# Melting/Rotting anacharis causing ammonia spike?



## ytpconquer (Jan 2, 2016)

I recently set up a 2.5 gallon minibow planted with anubias, lucky bamboo, and anacharis. The water initially wasn't heated, as I was waiting for the heater to come in, so the tank was probably around 65-70 degrees. I put the heater in a couple days ago and set it to 79 to heat up overnight. The next morning the water was pretty cloudy, and the anacharis appears to be melting or rotting. Many of the leaves are turning transparent or brown, and appear to be dissolving. I tested the water yesterday using the API master test kit, and the ammonia levels were too high to be able to put the betta in, between 0.5 and 1ppm. I did a 50% water change which had no effect on lowering ammonia. 
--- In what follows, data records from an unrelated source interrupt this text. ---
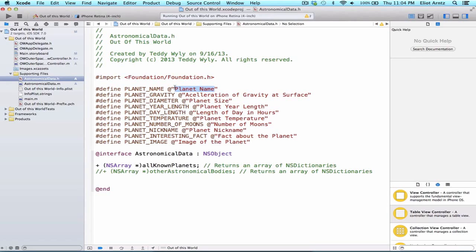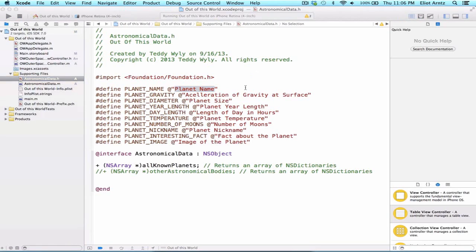Each time our computer program runs across hashtag define, it will replace the name with the definition we set up for our define. It's very common to use defines for expressions and numbers such as sizes. It's very similar to a constant, but we'll talk more about that later.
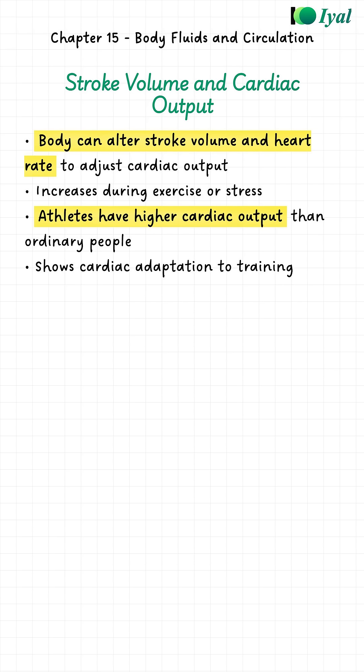An athlete's heart is trained, so their cardiac output can go much higher than an ordinary person. That is why they have better endurance.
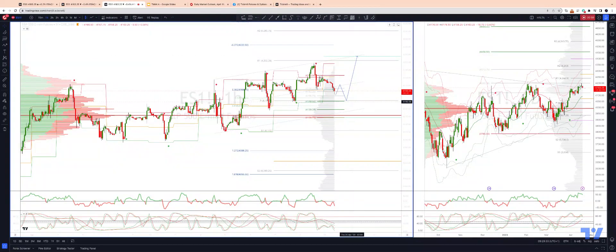Any loss of 4,149 opens 4,139 and down into the high volume node at 4,131.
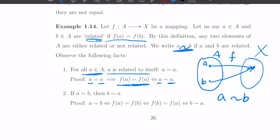Second, if a is equivalent to b, then b is equivalent to a. If this holds, that means f(a) equals f(b). The equal sign is commutative — if something equals something, the latter equals the former. So f(b) equals f(a), which means b is equivalent to a. The order doesn't matter.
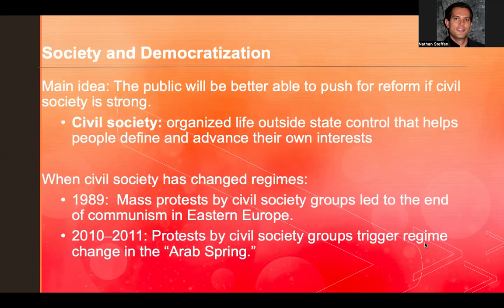Moving on to civil society — the main thrust here is that the public will be better able to push for reform if civil society is strong. Civil society is all about organizations that are not part of the state; they're single-issue oftentimes, made up of members who might donate money to the cause. It could be a bowling club, a religious institution, a labor union, or any kind of community organization. Non-democratic governments are aware of the risks these emergent civil societies pose.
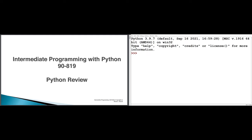Welcome to Intermediate Programming with Python in Mini 3 of 2022. In this first week we're going to start out with a review of Python topics that you should already know. On the left side I have the slides for the course, which I have stolen with permission from Professor Barrett. On the right side I'm using an IDLE integrated development environment, which I really recommend against you doing, but for me it creates just a very clean interface for examples.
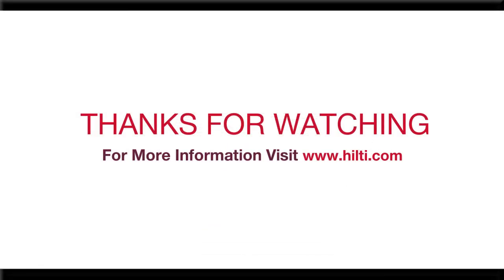Thanks for walking through the masonry design module with us. We hope you've found this tutorial helpful. For more information, please visit Hilti.com.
The tank has been set up for 4 days, filtered with no fish in it, as the betta was in a quarantine tank. I put a couple of root tabs in when I set up the tank.

Currently, Ammonia levels are between 0.5 and 1.0 ppm, nitrite is 1ppm, and pH is 7.8. Would the melting/rotting anacharis cause the ammonia spike? I would think a 50% water change would have lowered the measurements. The anacharis still has some green chutes at the ends of some of the stems, and the other plants appear to be doing ok. There is also some brown gunk on the filter cartridge wherever the water runs over it. I tried adding some more Prime and retesting the water a couple hours later, but ammonia was pretty much unchanged. The tap water reads between 0 and 0.25 ppm ammonia.
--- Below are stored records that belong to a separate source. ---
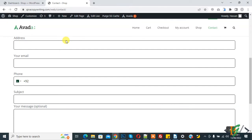Bismillahirrahmanirrahim. Assalamu alaikum, my name is Asan and today we are going to download a file after form submission based on the value selected in a dropdown in Contact Form 7 in WordPress. Before starting, please subscribe to my channel — thank you.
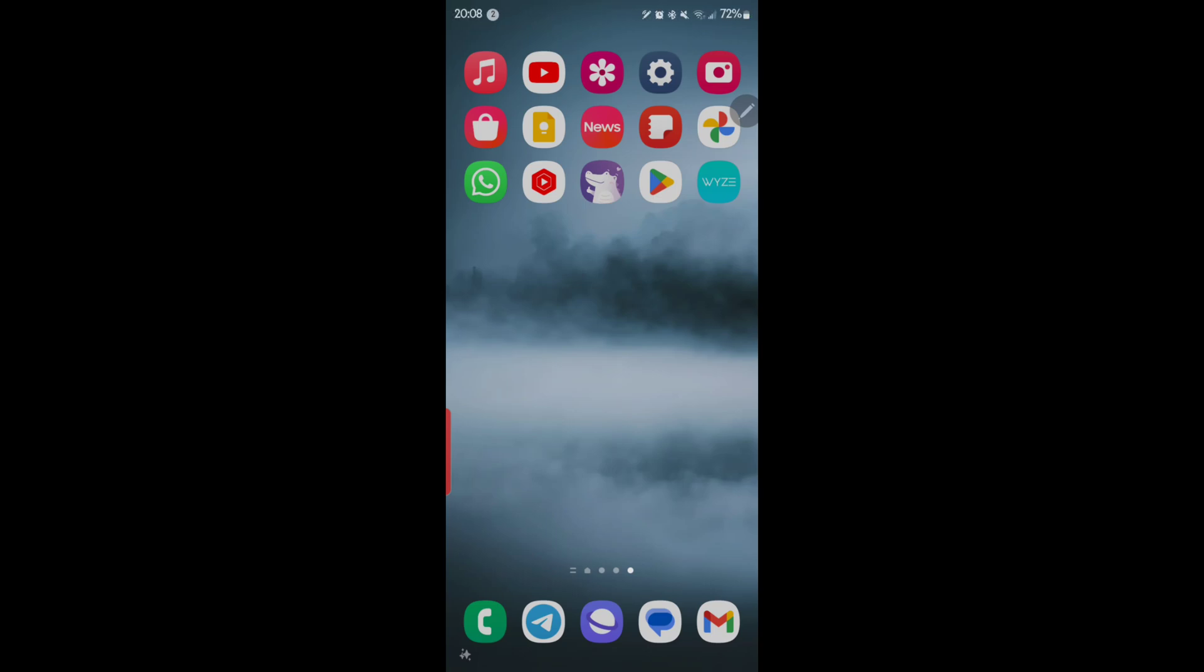Next video I'd like to make one on the Samsung Galaxy S24 Ultra and actually all Android phones that run Google messaging app.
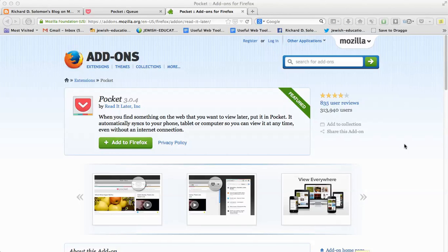Shalom Chavarim, this is Richard Solomon and this will be a brief tutorial or demonstration on how you use Pocket, formerly called Read It Later.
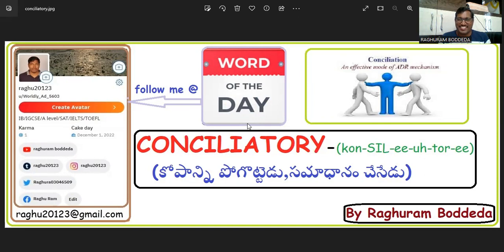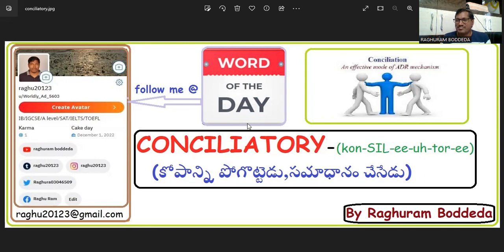Today we are going to discuss one more word: conciliatory. The word conciliatory is used to reduce anger or make a compromise, and to not escalate the situation — like preventing things from becoming worse and worse.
I was hoping to try and cycle the tank, but don't feel comfortable putting the fish in with these ammonia levels.

Help would be appreciated.


----------



## Olivia27 (Nov 26, 2015)

The water change don't help because the plant matter is still stuck under the substrate. Try vacuuming instead.


----------



## RussellTheShihTzu (Mar 19, 2013)

Did you vaccum the substrate? If not do as Seren27 suggests and vacuum with each water change.

FWIW, I can't grow regular Anacharis; only the Narrow Leaf variety.


----------



## ytpconquer (Jan 2, 2016)

I sort of vacuumed the first time but didn't have much time before the siphon took too much water out of the tank. I vacuumed again today using a turkey baster for about 25%, and added some more prime, but ammonia is still the same between 0.5 and 1.0ppm. Is ammonia supposed to drop after you add prime or does the prime just detoxify but not change the test results?

The other problem is when I vacuum or disturb the water, some of the melting anacharis leaves come off the stems and fill the tank with leaf debris again. There are definitely bright green leaves at the ends of the stems which appear to be fresh growth, but the original leaves are mostly melting. I understand this can be normal while the plants adjust, but I'm still worried about the ammonia which is keeping me from trying to start the fish-in cycle.

This is what it looks like right now, not sure which variety it was, but it was at Petco and looked pretty healthy when I bought it.


----------



## Olivia27 (Nov 26, 2015)

From what I heard, Narrow leaf Anacharis doesn't go through initial melt. But at the same time, yours look a lot like mine, which are definitely narrow leafs. Do you think they're... Well, dying? Like, I don't know, because of incompatible pH or any other reason? Either ways, it's probably a good idea to quarantine the Anacharis until they finish melting at this point. That is if they're not dying ._. And I don't think Prime changes ammonia readings. I use Prime when I do fishless cycling and it never seem to mess with my readings


----------



## RussellTheShihTzu (Mar 19, 2013)

Remove the Anacharis, chop off the dead and dying parts and let the healthy parts float until root are formed. It is always best to let rootless plants float until they form roots.


----------



## ytpconquer (Jan 2, 2016)

Well the bright green parts at the end make me think that it isn't really dying, and the stems are still mostly green and not mushy, so I think most of it is still alive. If I quarantine it until it finishes melting, wouldn't it start melting again when I put it back into the tank due to water differences between the quarantine and main tank? 

I could also rip off all the dead/dying leaves and put the stems back in the tank to prevent them from rotting in the tank.


----------



## RussellTheShihTzu (Mar 19, 2013)

The stems below the green are probably dying if they can't maintain viable leaves. Dying plant material zaps the nutrients the green part needs and increases Ammonia. You can strip the leaves from the stems but the plant in that area will probably not fill in. In addition, the leaves will most likely keep dying.


----------